Activity. Please retype the line that contains "Beyond a Hearing Aid - Mayo Clinic" and all lines that follow it to the end of the entries below, exactly as they stand, with nothing added.

-- -- --

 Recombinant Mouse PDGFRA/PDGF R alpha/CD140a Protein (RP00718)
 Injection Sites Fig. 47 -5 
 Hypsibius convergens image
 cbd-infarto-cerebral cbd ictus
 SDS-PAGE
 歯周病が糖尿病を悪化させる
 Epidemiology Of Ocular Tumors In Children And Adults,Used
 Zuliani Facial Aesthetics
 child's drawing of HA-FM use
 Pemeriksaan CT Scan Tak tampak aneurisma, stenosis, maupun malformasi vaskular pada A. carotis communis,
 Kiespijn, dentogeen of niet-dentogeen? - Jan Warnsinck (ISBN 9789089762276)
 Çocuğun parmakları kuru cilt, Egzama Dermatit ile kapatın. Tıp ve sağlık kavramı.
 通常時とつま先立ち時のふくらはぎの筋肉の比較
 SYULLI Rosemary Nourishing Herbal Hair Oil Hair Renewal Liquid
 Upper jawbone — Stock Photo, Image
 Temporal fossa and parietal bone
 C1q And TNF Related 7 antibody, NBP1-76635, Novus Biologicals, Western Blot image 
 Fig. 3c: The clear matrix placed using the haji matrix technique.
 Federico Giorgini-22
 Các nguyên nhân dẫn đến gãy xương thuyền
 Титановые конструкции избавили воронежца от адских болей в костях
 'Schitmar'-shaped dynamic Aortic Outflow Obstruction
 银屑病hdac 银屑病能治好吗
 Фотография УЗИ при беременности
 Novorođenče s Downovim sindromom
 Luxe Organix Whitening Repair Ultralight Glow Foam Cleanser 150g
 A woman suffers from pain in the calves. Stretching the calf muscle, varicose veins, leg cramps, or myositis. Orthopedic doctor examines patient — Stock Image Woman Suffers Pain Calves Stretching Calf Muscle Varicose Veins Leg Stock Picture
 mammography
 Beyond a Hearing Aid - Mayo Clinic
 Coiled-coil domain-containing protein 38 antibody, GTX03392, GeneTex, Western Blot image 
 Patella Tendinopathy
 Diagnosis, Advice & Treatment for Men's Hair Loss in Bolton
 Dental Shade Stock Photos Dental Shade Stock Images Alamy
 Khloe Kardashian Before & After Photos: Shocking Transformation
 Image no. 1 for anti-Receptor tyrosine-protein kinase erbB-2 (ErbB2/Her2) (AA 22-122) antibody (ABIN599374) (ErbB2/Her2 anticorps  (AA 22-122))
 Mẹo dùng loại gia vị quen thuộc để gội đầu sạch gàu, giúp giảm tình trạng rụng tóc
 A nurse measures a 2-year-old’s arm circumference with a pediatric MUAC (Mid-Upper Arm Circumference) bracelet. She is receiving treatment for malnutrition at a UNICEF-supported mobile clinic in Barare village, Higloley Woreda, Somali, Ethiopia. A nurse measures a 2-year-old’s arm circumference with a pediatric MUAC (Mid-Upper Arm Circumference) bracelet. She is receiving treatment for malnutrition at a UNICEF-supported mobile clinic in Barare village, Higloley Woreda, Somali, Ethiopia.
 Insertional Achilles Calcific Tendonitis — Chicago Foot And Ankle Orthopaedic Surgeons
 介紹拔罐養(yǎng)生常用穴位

-- -- --

Response.
 Beyond a Hearing Aid - Mayo Clinic
 Coiled-coil domain-containing protein 38 antibody, GTX03392, GeneTex, Western Blot image 
 Patella Tendinopathy
 Diagnosis, Advice & Treatment for Men's Hair Loss in Bolton
 Dental Shade Stock Photos Dental Shade Stock Images Alamy
 Khloe Kardashian Before & After Photos: Shocking Transformation
 Image no. 1 for anti-Receptor tyrosine-protein kinase erbB-2 (ErbB2/Her2) (AA 22-122) antibody (ABIN599374) (ErbB2/Her2 anticorps  (AA 22-122))
 Mẹo dùng loại gia vị quen thuộc để gội đầu sạch gàu, giúp giảm tình trạng rụng tóc
 A nurse measures a 2-year-old’s arm circumference with a pediatric MUAC (Mid-Upper Arm Circumference) bracelet. She is receiving treatment for malnutrition at a UNICEF-supported mobile clinic in Barare village, Higloley Woreda, Somali, Ethiopia. A nurse measures a 2-year-old’s arm circumference with a pediatric MUAC (Mid-Upper Arm Circumference) bracelet. She is receiving treatment for malnutrition at a UNICEF-supported mobile clinic in Barare village, Higloley Woreda, Somali, Ethiopia.
 Insertional Achilles Calcific Tendonitis — Chicago Foot And Ankle Orthopaedic Surgeons
 介紹拔罐養(yǎng)生常用穴位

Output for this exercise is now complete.